**WHAT TO PRODUCE:** Each line in the material below, starting at the one that contains "at 52 Gladys" and ending at the one that contains "Circa 1950's Authentic", should be repeated exactly; the pictures should not.
[Opening PROVIDED INFORMATION section]
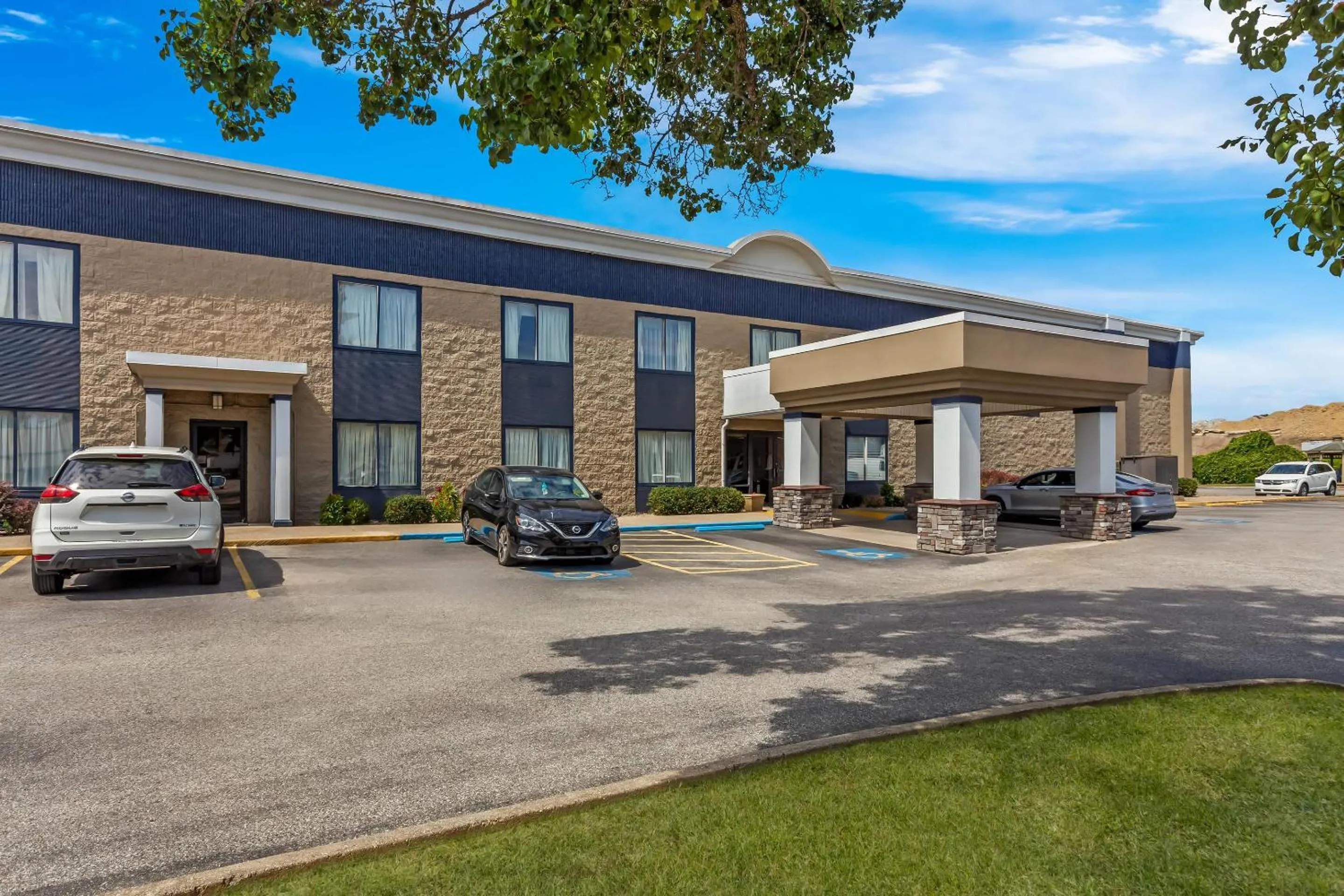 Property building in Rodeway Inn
[Closing PROVIDED INFORMATION section]
[Opening PROVIDED INFORMATION section]
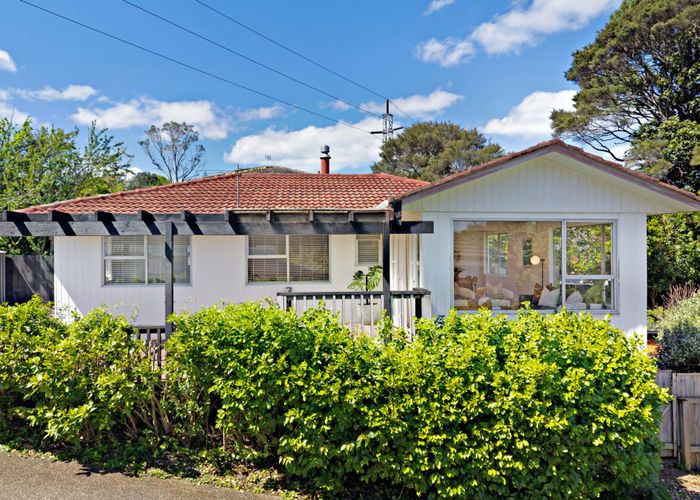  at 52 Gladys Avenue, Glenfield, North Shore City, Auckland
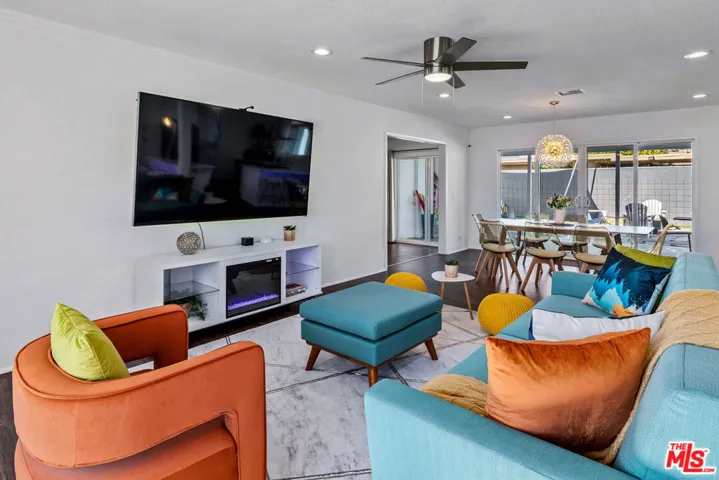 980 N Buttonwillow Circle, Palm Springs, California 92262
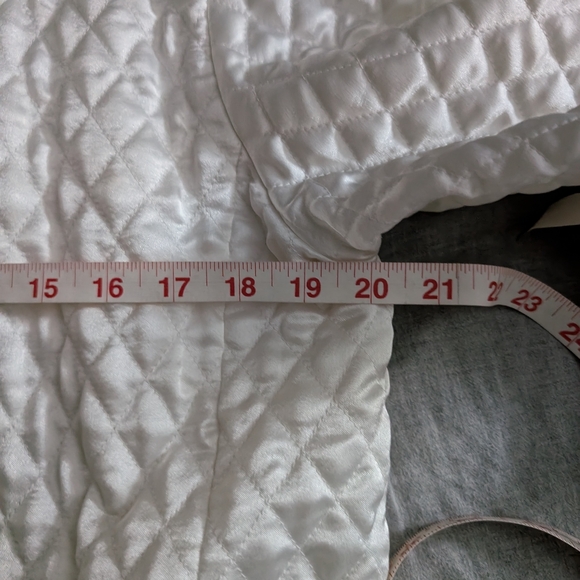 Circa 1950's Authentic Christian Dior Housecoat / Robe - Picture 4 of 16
[Closing PROVIDED INFORMATION section]
[Opening PROVIDED INFORMATION section]
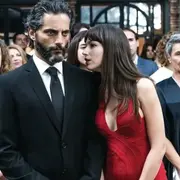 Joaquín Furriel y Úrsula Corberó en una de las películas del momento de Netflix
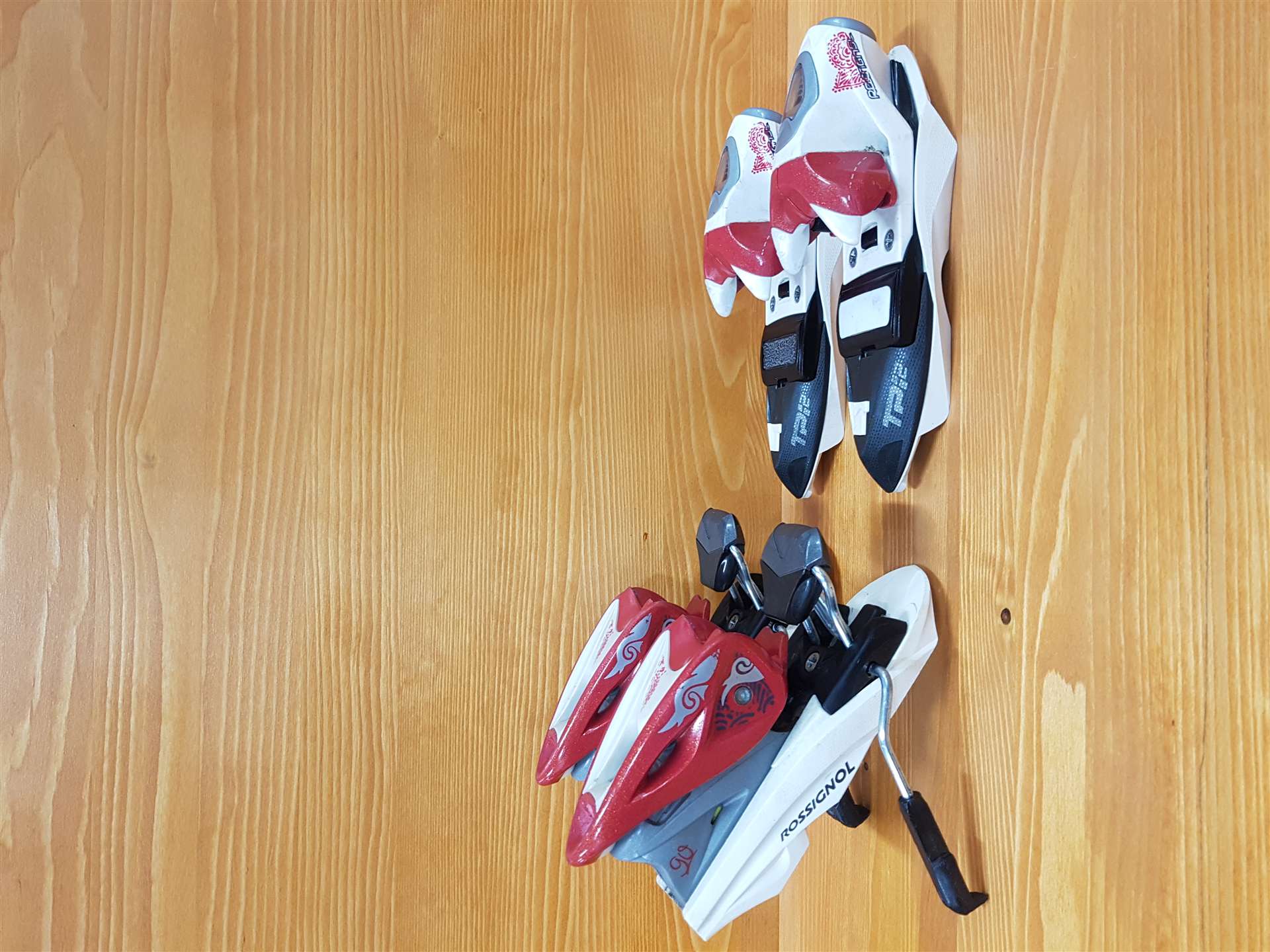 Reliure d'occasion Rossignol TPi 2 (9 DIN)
[Closing PROVIDED INFORMATION section]
**EXERCISE OUTPUT:**
  at 52 Gladys Avenue, Glenfield, North Shore City, Auckland
 980 N Buttonwillow Circle, Palm Springs, California 92262
 Circa 1950's Authentic Christian Dior Housecoat / Robe - Picture 4 of 16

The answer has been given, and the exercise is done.